O filme ainda nem estreou, mas algumas críticas já circulam. Muita gente acha que pode “glamourizar” o crime, como vê isso? “Não vi críticas a meu respeito ou sobre o meu trabalho como atriz. No princípio, quando saiu a notícia de que o filme seria feito, muitas dúvidas apareceram. Acredito que também tiveram essa reação, em um primeiro momento, pela falta de informação. Muitos se questionaram, por exemplo, se os envolvidos do caso real lucrariam com o filme, o que não é verdade. É normal existirem dúvidas ou opiniões diversas, cabe a nós da equipe esclarecermos e respeitarmos. E tentar reverter a propagação de notícias falsas. São dois filmes que falam sobre um crime que chocou o país, o Caso Richthofen, a partir de duas versões contadas em julgamento, que resultou em três réus confessos. É exatamente isso que será contado”.
As pessoas têm vindo falar com você sobre isso? “Tenho recebido o apoio de tanta gente, principalmente do meio artístico que me parabeniza pela entrega a este projeto, me apoia e acredita no meu trabalho como atriz. Vi isso pelas redes sociais, por telefone e pessoalmente. As pessoas me param para falar sobre o assunto. Já imaginava que teria uma grande repercussão, justamente por ser um projeto sobre um caso emblemático, mas a expectativa pelo resultado e a ansiedade de todos que falam comigo está sendo surpreendente. Só tenho a agradecer por isso e espero responder às expectativas”.

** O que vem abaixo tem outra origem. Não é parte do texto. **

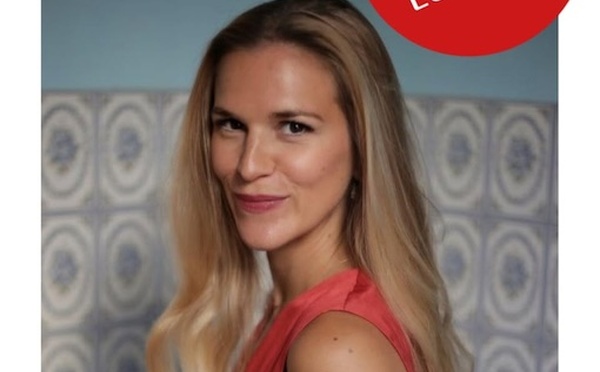 Apt, Salle des Fêtes : « Sur la Route qui mène à vous », Lili Aymonino, soprano &amp; Jean-Marc Pont-Marchesi, Piano. Sam 4/04/26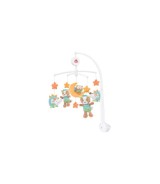 Musik-Mobile Sleeping Forest 40 cm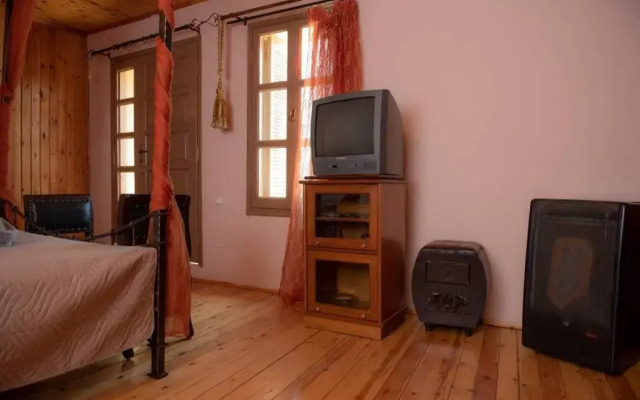 Gortis House
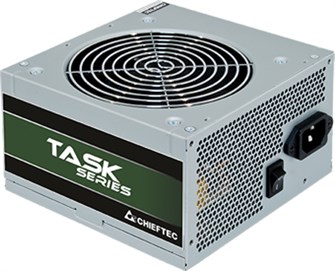 Блок питания ATX Chieftec TPS-400S 103746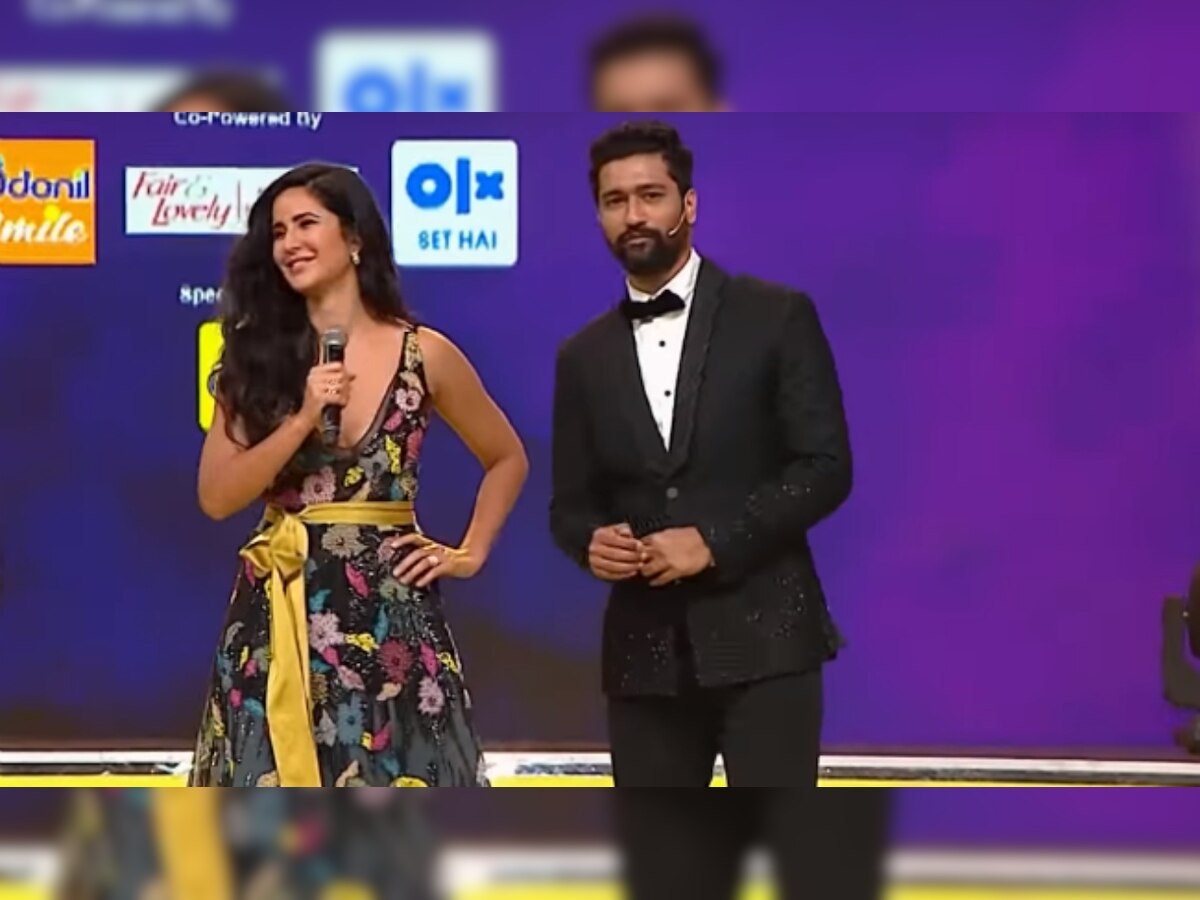 Vicky Kaushal breaks his silence on dating rumours with Katrina Kaif and it's not what you expected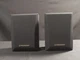 Pioneer S-CR300-K Surround Speaker Bookshelf Wood 35W 16 Ohm Pioneer S-CR300-K Surround Speaker Bookshelf Wood 35W 16 Ohm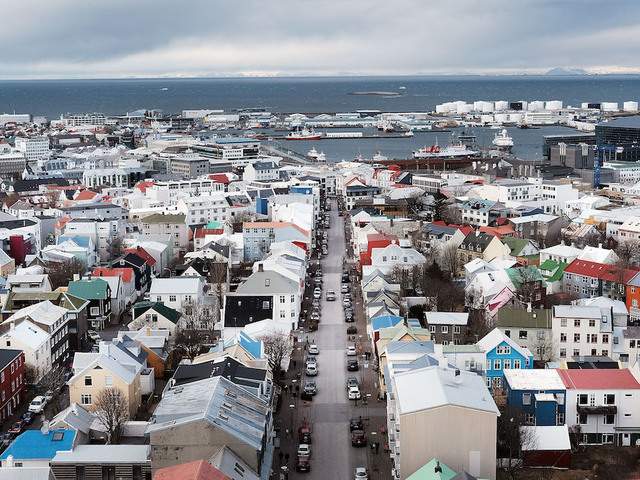 Iceland's proposed ban on male circumcision upsets Jews, Muslims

Enquanto a vida se suspende no meio da pandemia do novo Coronavírus, Carla tem se cuidado e aproveitado para acompanhar seu trabalho como Khadija na novela “O Clone” (2001). “Assisto todos os dias e às vezes assisto a reprise da reprise! Estamos em um momento em que a orientação é ficar em casa, claro, para quem puder. Então, estou aproveitando para reviver um pouquinho de uma fase que foi tão especial para mim”, conta. “Foi o finalzinho da minha infância e a descoberta de como eram os estudos para uma personagem, já que a Khadija foi a primeira que tive que fazer um laboratório, tendo aulas sobre os costumes e a religião muçulmana, aulas de árabe e dança do ventre, aulas contracenando com grandes atores e diretores, fora a experiência de mudar de visual pela primeira vez. Com certeza foi uma época muito especial da minha vida, que ganhei de presente do Jayme Monjardim e da Glória Perez”.